The redox-regulated chaperone Hsp33 protects organisms against oxidative stress that leads to protein unfolding. Activation of Hsp33 is triggered by the oxidative unfolding of its own redox-sensor domain…
Authors
Dana Reichmann, Ying Xu, Claudia M. Cremers, Marianne Ilbert, Roni Mittelman, Michael C. Fitzgerald, Ursula Jakob
Highlights
- Stress-specific chaperone Hsp33 gains function upon intrinsic unfolding
- Hsp33’s disordered regions are flexible binding sites for unfolding proteins
- Refolding of Hsp33’s disordered regions confers substrate specificity
- Dynamic order-to-disorder transitions in Hsp33 fuel substrate binding and release
Summary
The redox-regulated chaperone Hsp33 protects organisms against oxidative stress that leads to protein unfolding.

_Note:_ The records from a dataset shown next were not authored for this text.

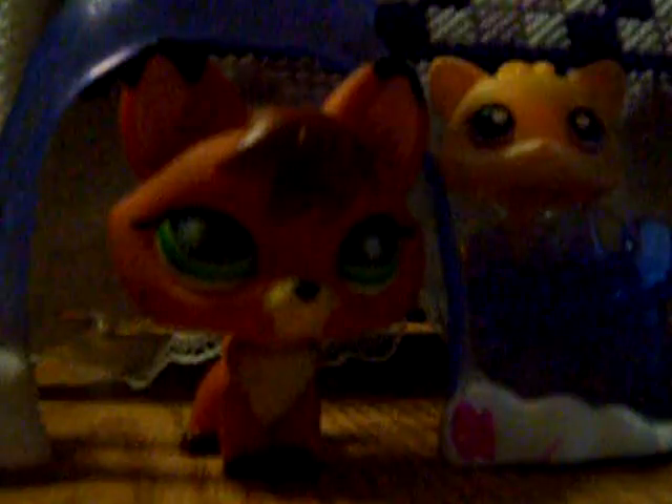Hi everybody, this is Bright Tail and this is my companion Mally. We are here today to show you some of the drawings that two cool 17's grandfather, sister, and her own works of what they do. They are of Littlest Pet Shops.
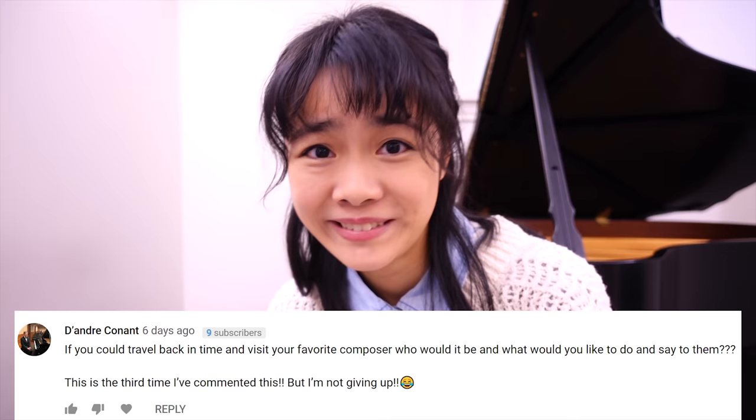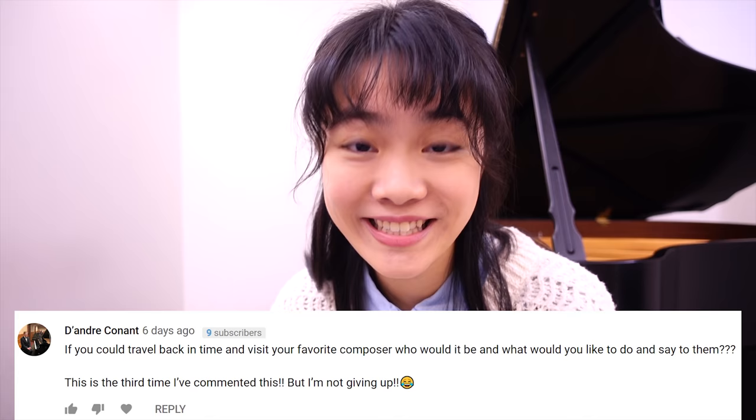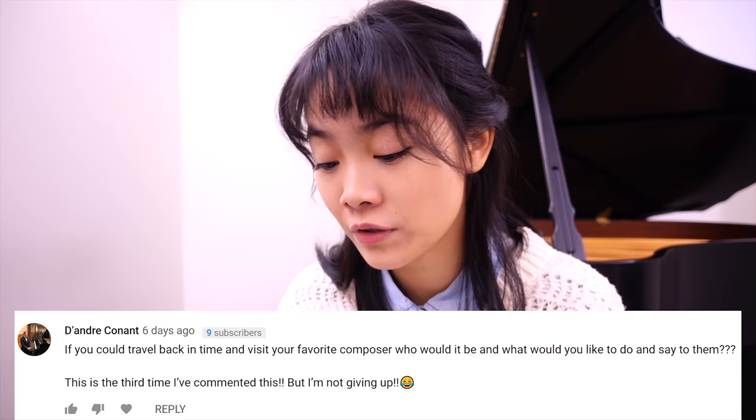For today's Q&A I picked Dante Conant — is that how I say your name? Kudos to you for your persistence; this is your third time asking. The question: if you could travel back in time and visit your favorite composer, who would it be and what would you do and say? Imke from Germany asked the same thing. My answer: I wouldn't necessarily want to talk to them right away. I'd want to attend a salon where Chopin or Liszt would be playing — maybe as a butler or server — so I could stand on the side and observe how people react to the music. Then, based on what I observed, I'd figure out what I'd want to talk to Chopin or Liszt about.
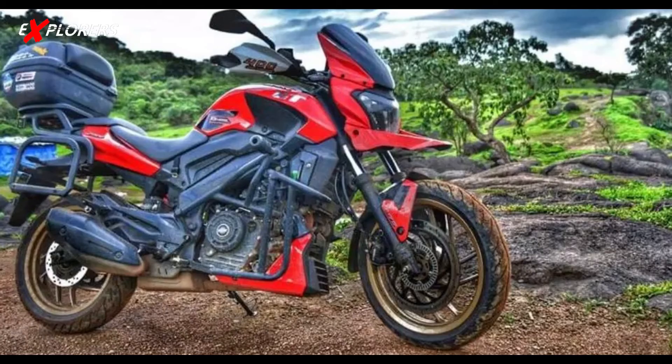One thing to clarify: the photo you saw in the thumbnail is a modified bike. It is a Dominar, but it has been modified, so it may not look exactly the same — though it does look similar to what the new bike might look like.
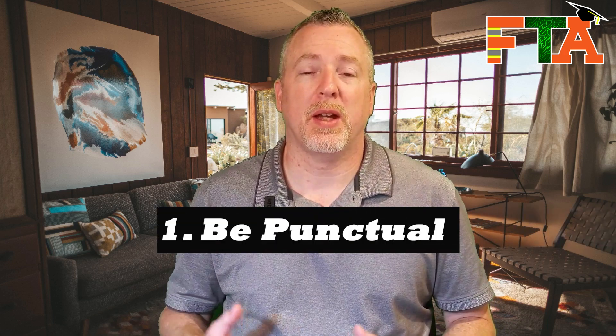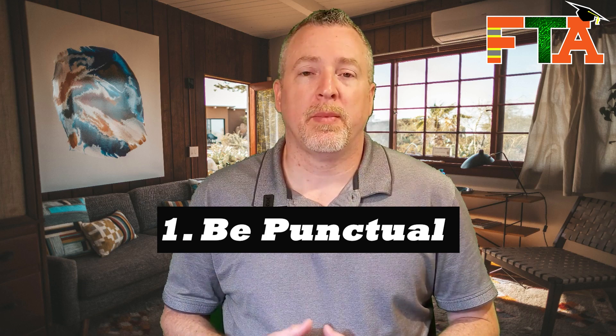The number one thing is be punctual. Punctuality is valued in this industry. There are a lot of jobs you're going to do that have other people involved. They're relying on you to be there on time so that everybody else in the chain can do their part. Being punctual is going to make your client happy, which can lead to repeat business and better reviews.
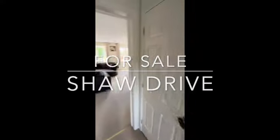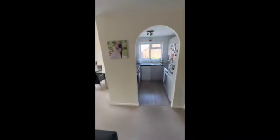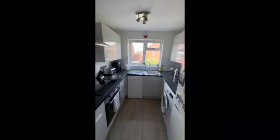Hey everybody, Andy from James Neve — just a quick look at this lovely two-bedroom first-floor apartment in Shore Drive, Walton-on-Thames. Really nice and modern, loads of big windows, loads of natural light. This one comes with allocated parking.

Activation of Hsp33 is triggered by the oxidative unfolding of its own redox-sensor domain, making Hsp33 a member of a recently discovered class of chaperones that require partial unfolding for full chaperone activity. Here we address the long-standing question of how chaperones recognize client proteins. We show that Hsp33 uses its own intrinsically disordered regions to discriminate between unfolded and partially structured folding intermediates. Binding to secondary structure elements in client proteins stabilizes Hsp33’s intrinsically disordered regions, and this stabilization appears to mediate Hsp33’s high affinity for structured folding intermediates. Return to nonstress conditions reduces Hsp33’s disulfide bonds, which then significantly destabilizes the bound client proteins and in doing so converts them into less-structured, folding-competent client proteins of ATP-dependent foldases. We propose a model in which energy-independent chaperones use internal order-to-disorder transitions to control substrate binding and release.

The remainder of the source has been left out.